I compete in the women’s figure division, which calls for symmetry of muscles from head to toe. There is so much more to bodybuilding than merely working out and lifting weights. Yes, quality gym time is very critical to be able to build the muscles needed for my division.
However, having muscle is not the only factor the judges take into account.
There is the sculpting of the muscles and the number of striations and muscle separation that plays an important role in how we are judged. You can have massive muscle, but if you do not properly diet and dry out (dehydrate the muscles), you will not have the right look for the division and could fair much lower in the rankings than a woman with less muscle. There is also a matter of conditioning. This requires not only performing the right amount and type of cardio but also posing for hours on end.

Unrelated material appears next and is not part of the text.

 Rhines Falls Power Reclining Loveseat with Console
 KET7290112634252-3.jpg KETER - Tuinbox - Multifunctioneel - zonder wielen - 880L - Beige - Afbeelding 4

I have a strong cardio background from being an ultra-marathoner and triathlete, therefore, my cardio plan is much different than the average bodybuilder. Because I have such high cardiorespiratory endurance (CRE), it takes much more energy, time and activity to get my heart rate up high enough, which can cause me to “feed” from my muscles reducing my muscle mass, whereas the “typical” bodybuilding athlete burn the same number of calories in a shorter time frame because their CRE is not as high. This is where my diet is absolutely critical to ensuring that my muscle mass stays present while my body fat continues to drop.
There are so many factors that come into play when preparing for a bodybuilding competition. Each one is a key component to being able to be competitive in the judging come showtime. Each of these is equally important and lead to the next component. In other words, it takes so much more than just working out for you to put your best possible physique in front of the judges and crowd.

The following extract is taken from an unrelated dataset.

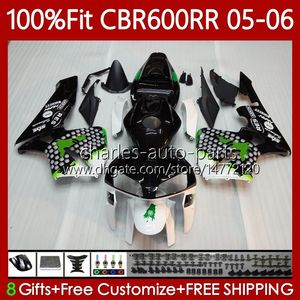 Molde de inyección Carenados para HONDA CBR 600RR 600F5 600CC 2005-2006 Cuerpo 72No.87 CBR600 CBR 600 CC F5 RR F 5 2005 2006 CBR600F5 CBR600RR 05 06 OEM Carrocería Graffiti verde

You must work out – heavyweights, 4-5 sets of 15 or more repetitions.
You must do between 45-120 minutes of quality cardio per day. Also, you must eat every 2-4 hours – staying within your dietary plan mapped out between you and your coach. You must stay as stress-free as possible in order to keep your cortisol levels as low and steady as possible. You must drink between 1-2 or more gallons of water a day and you must get sleep. As the show approaches, you must keep off your feet whenever possible. You must take your daily vitamins. You must stay focused and disciplined.
Please know that not everyone has the same reasoning or motivation for getting on stage. Depending on their “why”, they will approach their show(s) differently. For me, I put my all into each and every show prep. My “why” is to not only perform better than the other ladies on stage, but I want to annihilate the woman I was at previous shows, always improving on my shortfalls or deficiencies and putting forward my best physique and performance every time. I have an amazing support team that helps me stay focused and motivated.
My workouts take hours, my posing sessions are even longer. Whether I am in prep for a show or not, I continue to pose so that I do not get out of practice with my movements or muscle contraction exercises. How you practice is how you will perform and I have learned that from experience.
All in all, bodybuilding is like any other sport an athlete plays.
I cannot think of a single sport that can be mastered by simply performing one aspect of it. There are many contributing exercises and routines that must be performed and practiced. Bodybuilding is no different. Yes, working out and exercising is mandatory but nutrition, hydration, and practice are critical. So the next time you see someone that is preparing for a show, understand that they are (hopefully) doing more than just lifting weights and getting on a stair machine. It is a very complicated sport that most people do not realize just how difficult it actually is.